TIME : 2016/2/27 17:12:05

From the center, take the self-guided Visitor Center Loop Trail, which includes the Kumeyaay grinding site off a short spur trail. Along the way, listen for the mewing calls of small birds known as California gnatcatchers. Another trail starts across the road to the east and leads to a stand of rare Engelmann oaks.

Next stop: proceed by car or foot to the Old Mission Dam area, where a short, level trail leads to the remnants of a dam and flume completed by Spanish missionaries and Kumeyaay in 1816. The very survival of Mission San Diego de Alcalá, about 6 miles downstream, was in question until this remarkable engineering feat was realized, stone by stone, tile by tile. Crossing the river on a narrow bridge, you can follow trails up to Oak Canyon, where a seasonal stream slips through the polished rock of a miniature canyon. (Stay on the trails here and elsewhere in riparian zones, as poison oak is a vigorous part of the underbrush.)

There's much more, of course: boating on Lake Murray, camping, mountain biking, and rock climbing on the face of Kwaay Paay Peak above Father Junipero Serra Trail― one of Southern California's premier climbing spots, with dozens of routes up the crags that have earned colorful names like Bongo Fury and Moonage Daydream. You can hike up to the rocks for a close look at climbers in action.

Reaching the summit

Nothing at Mission Trails, however, equals the park's mountain paths in popularity, especially the 1 1/2-mile (one way) main trail leading from the staging area at Golfcrest Drive and Navajo Road to the summit of 1,591-foot Cowles Mountain.

"Cowles Mountain is going to tilt south someday from the weight of all the hikers," says senior ranger Paul Kilburg. "They're like groupies drawn to a celebrity.
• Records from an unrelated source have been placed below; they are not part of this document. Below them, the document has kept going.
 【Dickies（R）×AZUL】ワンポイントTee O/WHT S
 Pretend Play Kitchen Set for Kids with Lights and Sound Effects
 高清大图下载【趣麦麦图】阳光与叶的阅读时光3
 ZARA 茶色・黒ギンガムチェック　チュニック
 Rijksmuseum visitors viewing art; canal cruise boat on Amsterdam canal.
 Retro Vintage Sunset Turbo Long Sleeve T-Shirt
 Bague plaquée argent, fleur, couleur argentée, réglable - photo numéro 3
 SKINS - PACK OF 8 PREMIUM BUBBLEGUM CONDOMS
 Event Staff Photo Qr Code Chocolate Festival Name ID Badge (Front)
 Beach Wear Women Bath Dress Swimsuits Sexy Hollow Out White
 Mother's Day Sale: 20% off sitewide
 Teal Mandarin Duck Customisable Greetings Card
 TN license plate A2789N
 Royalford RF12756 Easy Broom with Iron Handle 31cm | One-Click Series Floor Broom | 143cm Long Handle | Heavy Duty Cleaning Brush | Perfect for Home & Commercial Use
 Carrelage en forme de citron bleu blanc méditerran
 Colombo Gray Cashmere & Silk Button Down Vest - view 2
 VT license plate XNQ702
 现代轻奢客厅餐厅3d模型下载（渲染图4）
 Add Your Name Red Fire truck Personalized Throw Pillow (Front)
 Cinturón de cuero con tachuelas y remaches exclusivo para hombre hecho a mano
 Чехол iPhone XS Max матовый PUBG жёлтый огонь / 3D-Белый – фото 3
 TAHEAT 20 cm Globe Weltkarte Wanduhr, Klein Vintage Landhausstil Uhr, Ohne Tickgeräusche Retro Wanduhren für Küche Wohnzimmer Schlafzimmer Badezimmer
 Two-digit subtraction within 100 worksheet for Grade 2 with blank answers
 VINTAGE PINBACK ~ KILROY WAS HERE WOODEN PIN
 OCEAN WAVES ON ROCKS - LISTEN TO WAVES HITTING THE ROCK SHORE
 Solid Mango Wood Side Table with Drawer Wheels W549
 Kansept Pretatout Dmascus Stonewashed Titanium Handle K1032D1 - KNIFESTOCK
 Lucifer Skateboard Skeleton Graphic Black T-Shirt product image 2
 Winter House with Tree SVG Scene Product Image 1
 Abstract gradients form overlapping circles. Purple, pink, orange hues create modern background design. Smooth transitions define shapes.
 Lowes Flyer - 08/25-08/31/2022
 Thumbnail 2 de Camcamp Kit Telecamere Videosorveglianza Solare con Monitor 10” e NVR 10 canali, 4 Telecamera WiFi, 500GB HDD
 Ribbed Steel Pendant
Some hike that mountain every day and have been for years."

With dusk approaching, I join the dedicated and climb past Cowles's first saddle, turn west, and have my own epiphany. Far out to sea, clearly visible from this sentinel, the dark outlines of the Coronado Islands off Mexico hover above a silver sea, and the sun pauses for its legendary green flash.

"Hello!" says one hiker after another, groupie to groupie, either going up or coming down. Forty-five minutes after starting, I'm at the top, with the first star shining, and I don't know if I want to go back down to the lights that now blanket the city below me.